§ DIRECTIONS FOR THIS TASK: Repeat the data that follows exactly, starting at the line with "Vestido floral y" and ending at the line with "Luxury Horse Knitted", and leave out every picture.
━━━
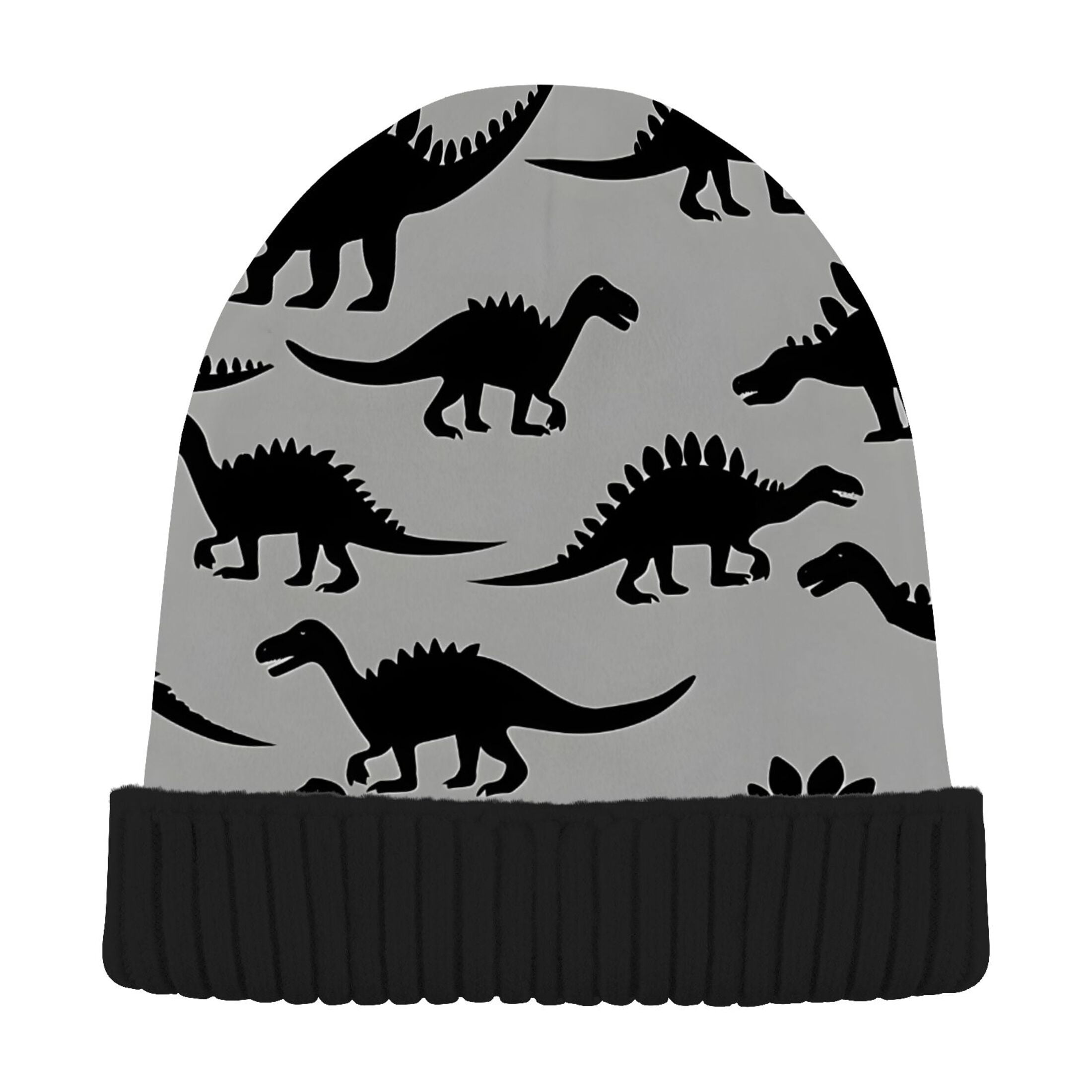 Coach Dino Print Knit Beanie Black And White Crazy Cute Festive Face Knit Hat Pattern: Holiday Character Inspired  main image 4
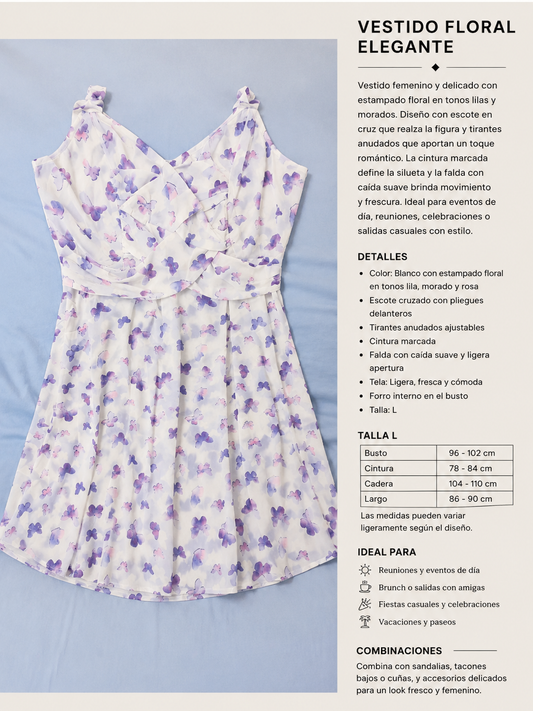 Vestido floral y mariposas femenino y elegante con estampado en tonos lilas,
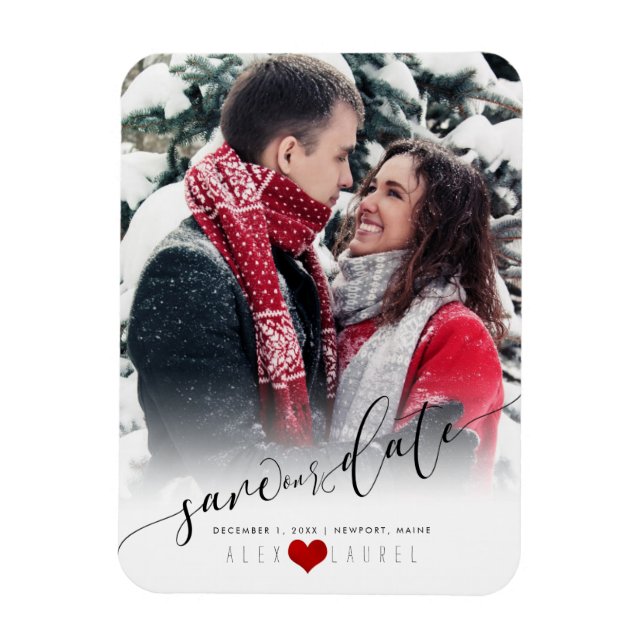 PixDezines Save the Date/Fancy Script Magnet (Vertical)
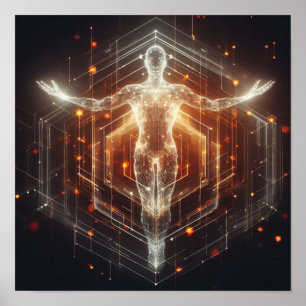 A digital lifeform transforming in virtual space Poster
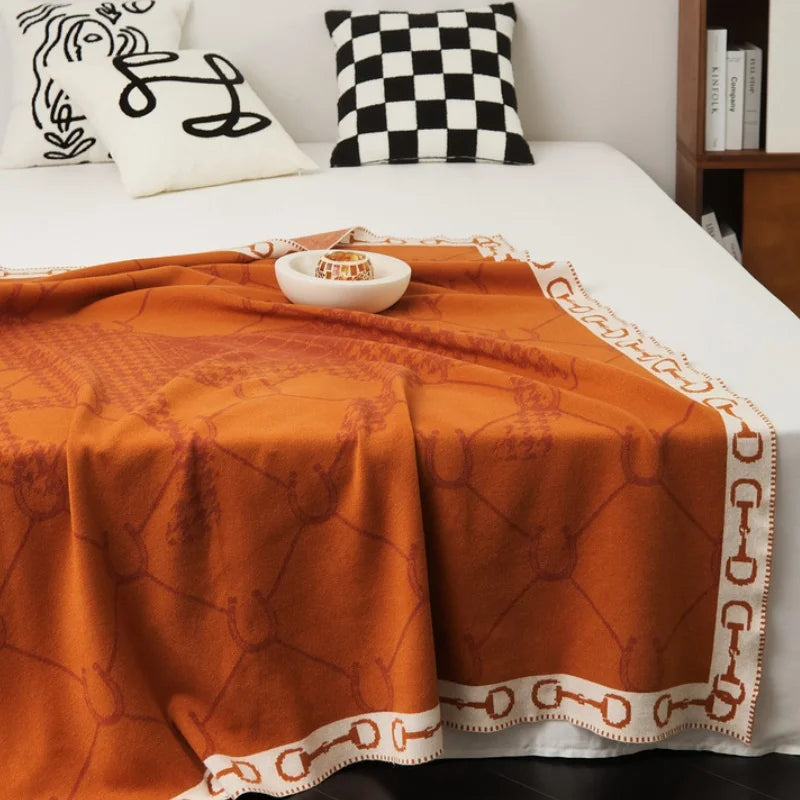 Luxury Horse Knitted Blanket Gray Bedspread Modern Orange Decorative For Sofa Throw Warm Living Room Bedding Home Decorations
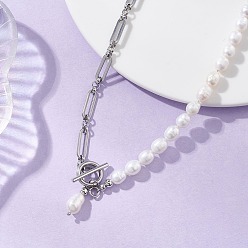 Нержавеющая Сталь Цвет 304 Цепочка Фигаро из нержавеющей стали, ожерелье из натурального культивированного пресноводного жемчуга, бусы в форме рисовых зерен с застежками., белые, цвет нержавеющей стали, 16.22 дюйм (41.2 см)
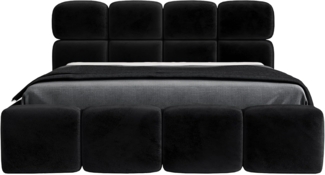 Polsterbett MONAKO 160x200 mit Matratze, Bettkasten und Lattenrost. Farbe: Schwarz 20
━━━
§ REPLY:
 Vestido floral y mariposas femenino y elegante con estampado en tonos lilas,
 PixDezines Save the Date/Fancy Script Magnet (Vertical)
 A digital lifeform transforming in virtual space Poster
 Luxury Horse Knitted Blanket Gray Bedspread Modern Orange Decorative For Sofa Throw Warm Living Room Bedding Home Decorations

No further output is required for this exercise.